なぜ、あの人は自死を選んだのか。「遺された私」が見つけた、一つの「答え」【あさのますみ】《特別寄稿》
『逝ってしまった君へ』著者・大切な友人の自死を経た「遺された人」のこれから
声優・浅野真澄(文筆家名義・あさのますみ)が体験した、大切な人の「自死」。失って初めてわかる、大きな悲しみと日々の「気づき」を赤裸々に綴ったショートエッセイが、2020年3月「note」に掲載され大きな反響を呼んだ。この度、当作を大幅に加筆しまとめた長編エッセイ『逝ってしまった君へ』(小学館)が、書籍化。 著者・あさのますみさんが「『逝ってしまった君へ』を書きはじめるまでと、書き終えた今思うこと」をBEST TIMESに特別寄稿。
親しかった友人が、自ら逝ってしまった。
そう知らされてからの数ヶ月間を、今もよく覚えている。友人の死を受け入れるすべがわからず、一番混沌としていたころだ。
あの、泥の中をひとりきりで歩くかのような、毎日。
私は、なにをしていても頭の中で常にぐるぐると、友人の死について考えていた。理解ができなかったからだ。理解ができないことは、人はたとえ時間が経とうと受け入れることなどできないのだという心の法則を、くり返し思い知る日々だった。苦しかった。あのころ、道ですれ違う見知らぬ人たちの顔を目で追うのが癖のようになっていた。笑顔の人を見ると、安心した。

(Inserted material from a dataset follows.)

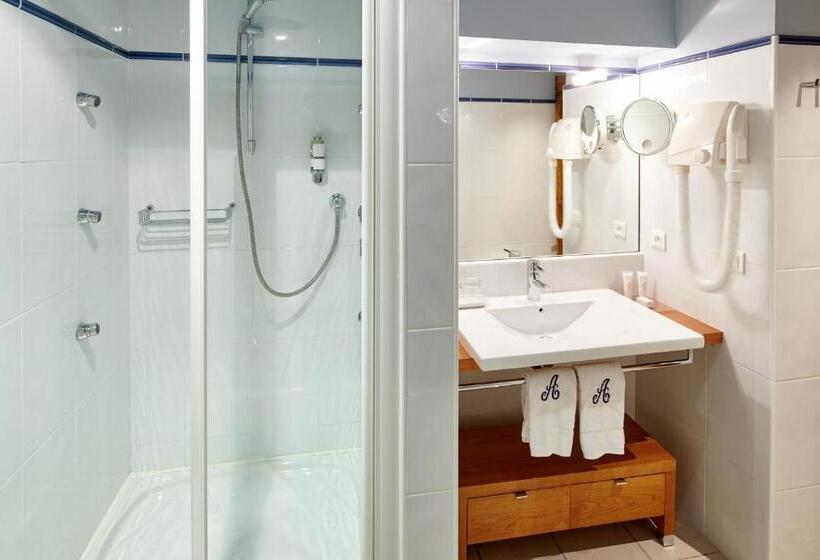 Prestige Room, Arraya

――ああ、あの人は幸せそうだ。あの人はきっと自ら死んだりしない。
思考力の落ちた頭で、誰かとすれ違うたびそんなことをぼんやり考えた。考えながら、突然噴き出すように涙があふれることもあった。きっと私は、かなり不安定になっていたのだと思う。
関心のあるトピックスにランキングをつけるとしたら、1位から20位まで全部が友人のことで埋め尽くされていた。そのくせ、友人の死を人に話すことができなかった。誰かに話すには、あまりにも心が不安定すぎた。説明もたくさん必要だった。カジュアルに口にできる内容でもなかった。なにより私が話してしまったら、聞いた相手はなにか言わなくてはと言葉を探すだろう。そのコメントを聞くのが嫌だった。どんな言葉をかけられても悲しくなると、わかり切っていたからだ。